Civil liberty is very much to the forefront in today’s news. The freedom to vote and deliverance from civil bondage have been purchased with the blood of patriots. But an even greater liberty is that which has been purchased with the blood of Jesus Christ. Jesus established truth when he entered into the world and was crucified. No sacrifice can be too great to maintain the truth by which Christ set the human spirit free. As Bolton emphasizes, it is worth far more than civil liberty, precious though that may be:
You esteem your civil freedoms the better, in that they cost so much of the blood of your ancestors to compass them. It is baseness to be careless of that which they endured the loss of so much blood to compass. How much more should we esteem our freedom, which was purchased by the blood of Christ? You are redeemed not by silver and gold, but by the blood of Christ, saith the Apostle. So that it is a freedom dearly purchased; yea, and freely bestowed; and mercifully revealed; fully conveyed unto us by the Spirit of Christ; and therefore how should we endeavor the maintenance of it? “To stand fast in the liberty wherein Christ hath set us free, and be not entangled again with yoke of bondage” (Gal. 5:1) [Samuel Bolton, ibid.].

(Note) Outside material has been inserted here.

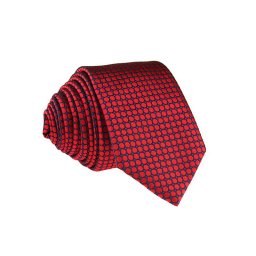 Pánská červená vzorovaná slim kravata - 6 cm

The Apostle Paul was here contending for the precious truth of justification by faith alone. He feared that the Galatian Christians might be entangled with human traditions and human wisdom. For the precious truth of justification through which men are set free, all Christians should be willing to strive as sacrificially as have patriots for civil freedom. Christ shed his precious blood for this freedom, and that is of itself more than ample motivation for Christians to safeguard the truth by which Christ sets men free.
For the Westminster divines, conscience was more than a mere moral monitor; it was a faculty implanted by God in the human soul that enables man’s mind to apply the light that it has to particular moral actions. The divines claimed freedom for this conscience—freedom from the dictates and authority of man; freedom toward fulfilling God’s commands in Scripture. Liberty of conscience is not an end in itself; it is a means to glorify God by a life of obedience.